Jordi era un chico alegre que siempre veía las cosas de forma positiva y tenía mucha confianza en si mismo. Era un placer hablar con él.
Aunque habíamos quedado pocas veces, congeniábamos muy bien. Teníamos el mismo sentido del humor y hacíamos bromas sobre las mismas tonterías.
Después de reírnos a más no poder durante la cena, acordamos vernos de nuevo:
—Oye Jordi —le dije—. La semana que viene tenemos que vernos otra vez.
—Claro que sí. Hacia tiempo que no me reía tanto.
Muerte de un amigo
Este fue el último día que lo vi. Dos días más tarde, un amigo me llamo. Me dijo que el día de la cena, cuando Jordi volvía a casa en coche, tuvo un accidente de tráfico y murió en el acto.
Eso me produjo un estado mental, para el que no estaba preparado. En principio, no pensé que me fuera a afectar demasiado. Jordi y yo congeniábamos muy bien, pero no éramos amigos cercanos.
Por desgracia, estaba totalmente equivocado. Sin darme cuenta, esa experiencia estaba en mi cabeza las 24 horas del día. Al principio no entendí porque. Ahora lo sé.
La negación
Primero está la típica reacción a estos hechos. No querer afrontar la realidad. Incluso en un momento, pensé que lo volvería a ver el fin de semana.
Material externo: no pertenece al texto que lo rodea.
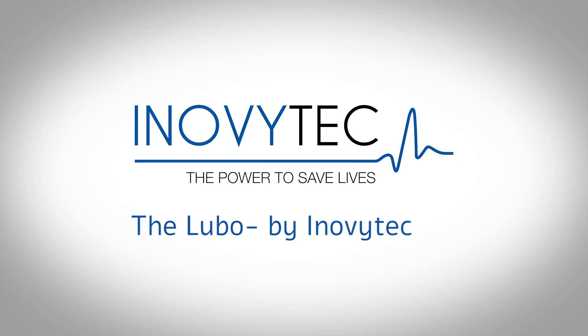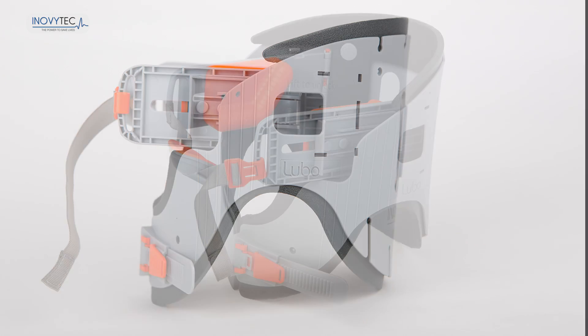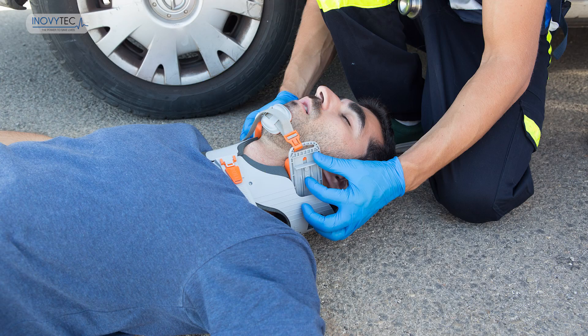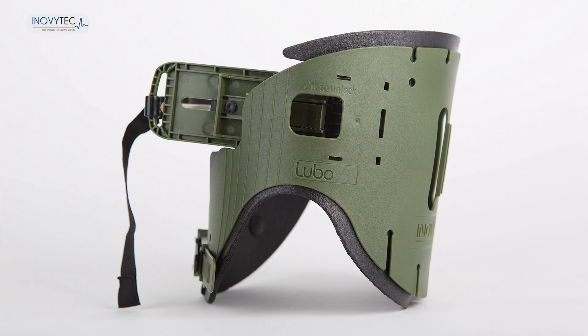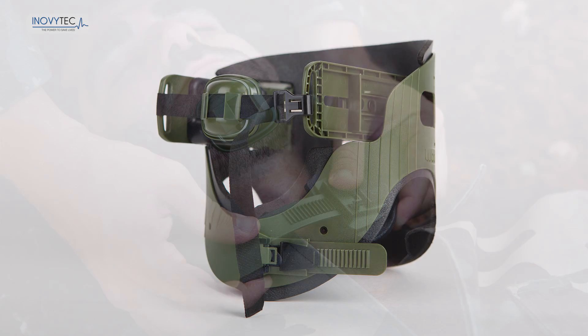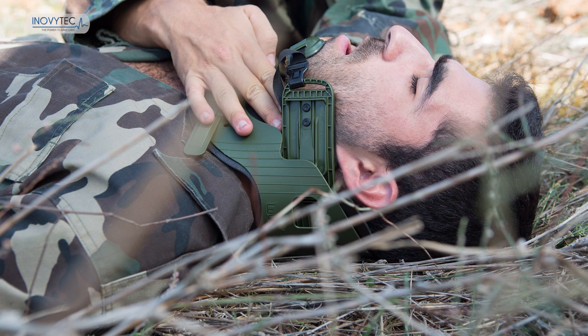The Lubo by Inovatec offers a unique solution enabling both airway and immobilization management in medical emergencies. It is the only non-invasive upper airway opening device which can open and secure the airway by imitating the jaw thrust maneuver while performing neck-free immobilization. The Lubo can be used by EMS professionals as well as any basic life support trainee.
¿Y cuál es la consecuencia?
Eso, por desgracia, hace que tardes más en aceptar la realidad.
La ira
Luego viene la ira contra cualquier cosa que pudiera tener algo que ver con el accidente. El coche, la carretera en mal estado o lo que fuera.
La aceptación
Al final llega el monento de la acentación. Cuando ya no te queda otra que aceptar la realidad de que no lo volvería a ver, ni volveríamos a reírnos juntos.
También tocó aceptar el hecho de que estamos aquí temporalmente. De que no somos inmortales. Ya sabes…
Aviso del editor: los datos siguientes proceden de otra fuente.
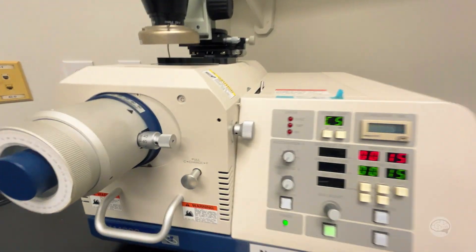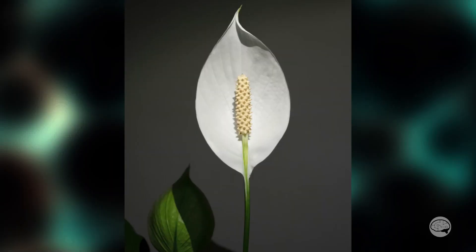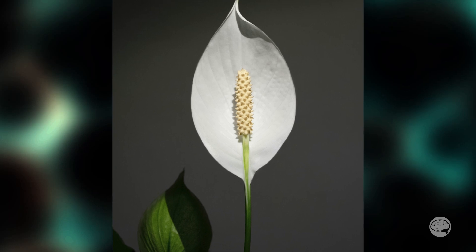Have you ever wondered what was on the inside of a little piece of pollen? Yeah, me either, but I've got this broad ion beam milling system here and I really want to cut something in half with it. So I found some pollen lying around from a peace lily plant and I thought, let's see what happens.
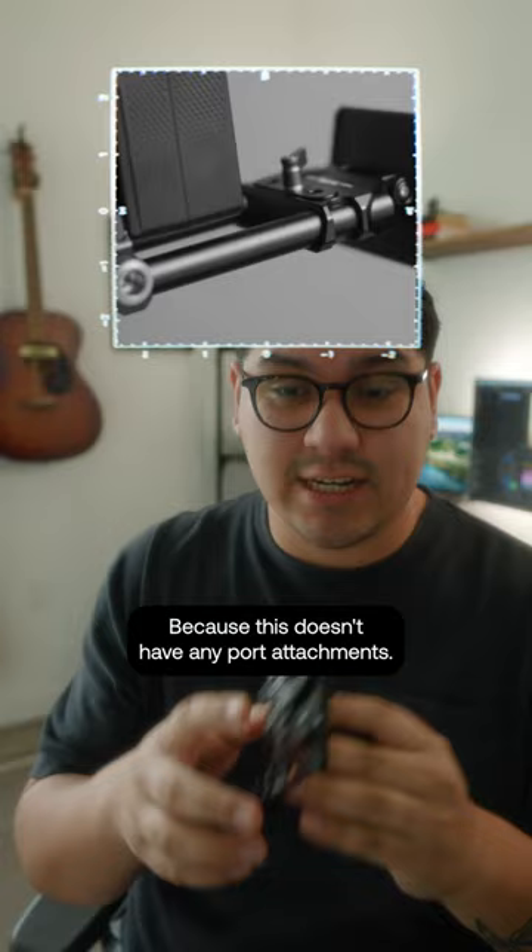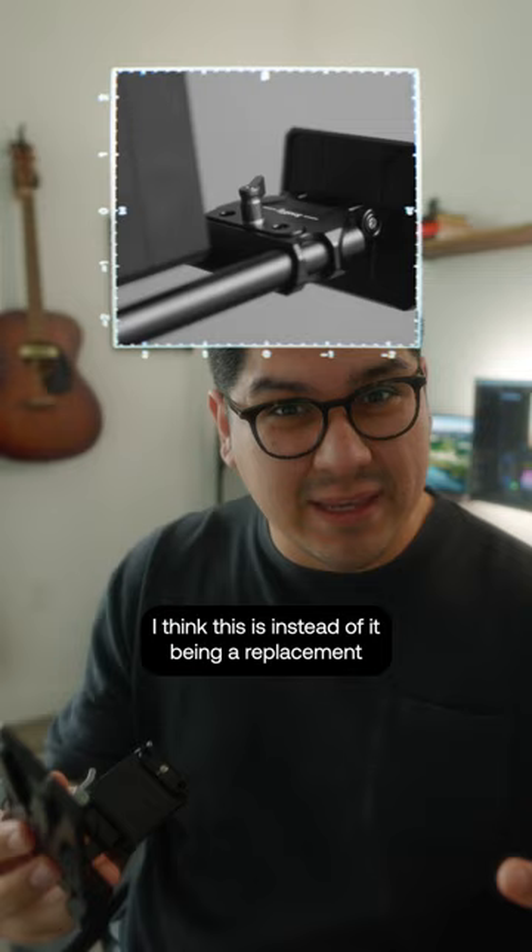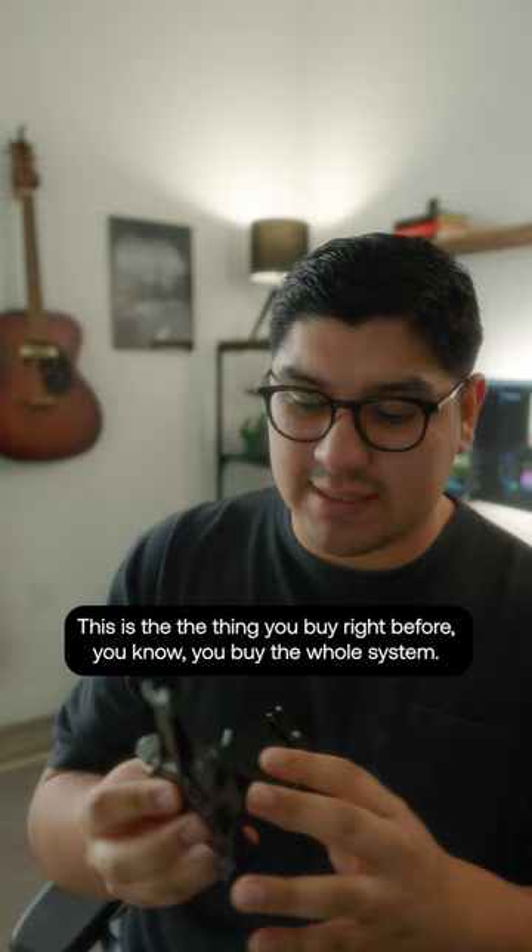This only works if you have enough ports, because this doesn't have any port attachments. But it's great. I think instead of it being a replacement to the whole V-mount system, this is really kind of the precursor to it.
Hoy estamos aquí y mañana quizás no.
Hubo otra cosa muy chocante para mí. Fue que un persona joven como él, tan positiva y llena de vida, desapareciera en un suspiro.
Ni tan solo pude despedirme, joder. Dijimos “nos vemos la semana que viene” no “adios”.
Y luego te preguntas, ¡¿por qué?!
La eterna pregunta. Cuando te cansas de intentar encontrar una respuesta llegas a la conclusión de siempre.
No hay un porqué.
La vida es un regalo con fecha de caducidad. Un fecha que no conocemos. Y quizás sea mejor así.